During 1971, he remained close to his sisters who all lived in the Nashville area. He recorded one more song, "A Whole Lot Of Nothing". On May 28, 1971, Owen Bradley asked him to record another song, "You Are The One" as a duet with wife Lou Anne. Webb and his wife recorded the song, and it was released a B-side single on July 2. On November 28, he recorded "My Favorite Memory" which was released on December 21. He finished his recording contract on December 30, 1971, and didn't return to the recording business.

==Personal life==

===First marriage (1961–1963)===
He met his first wife, Louise Davis, at a banquet in Columbus, Ohio, on April 28, 1961. She moved to Memphis, Tennessee, with him in May, and he moved to his mother's home in Indiana in August of that year. She became pregnant in early June, and they were married on June 20, 1961, at St. Patrick Catholic Church in Memphis. On February 10, 1962, their daughter, Yvonne Clara Webb, was born at Memphis Medical Center in Memphis. She contracted tonsillitis in August 1962, and died on September 2, 1962. She is buried at Elmwood Cemetery in Memphis. In late September 1962, after the death of their daughter, his wife returned to Columbus and he filed for divorce on the grounds of desertion on September 29, 1962. The divorce was finalized on January 11, 1963.
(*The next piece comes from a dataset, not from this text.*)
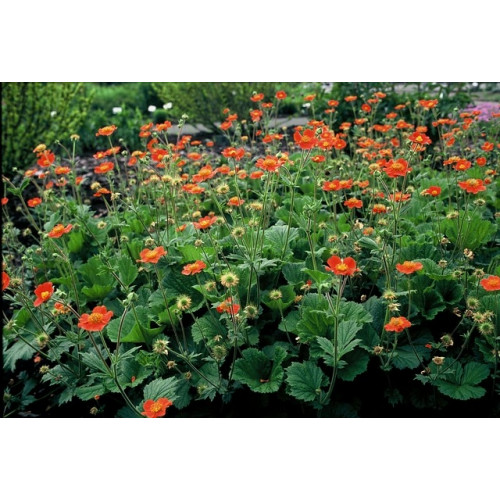 Geum coccineum Borisii - Nagelkruid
===Second and final marriage (1971–1996)===
While performing in Camden, Tennessee, between April 6–8 of 1971, he met his fan Lou Anne Robinson. They began courting, and she moved to Nashville with him. She became pregnant in early May, and they sang a duet on the song "You Are The One" to be his second to last song. She gave birth to a son on January 7, 1972, at Saint Thomas Midtown Hospital in Nashville. After a move in March 1972, Lou Anne became pregnant again with their second child. They moved again to a bigger house outside of Nashville in Hendersonville in July 1972. On November 27, 1972, at Hendersonville Medical Center, their daughter was born. Both children grew up in Hendersonville; their dad became a drugstore owner, and their mother became a secretary.

==Death==
Webb died on July 31, 1996, at age 59 after battling pancreatic cancer for two years and four months. He had been admitted to Saint Thomas Midtown Hospital in Nashville, where he died with his wife and children by his side. He was buried at Hermitage Memorial Gardens Cemetery (Old Hickory, Tennessee) just outside Nashville on August 15, 1996. His funeral was attended by his wife, children, grandchildren and siblings; his sisters Loretta Lynn and Crystal Gayle gave eulogies at his funeral.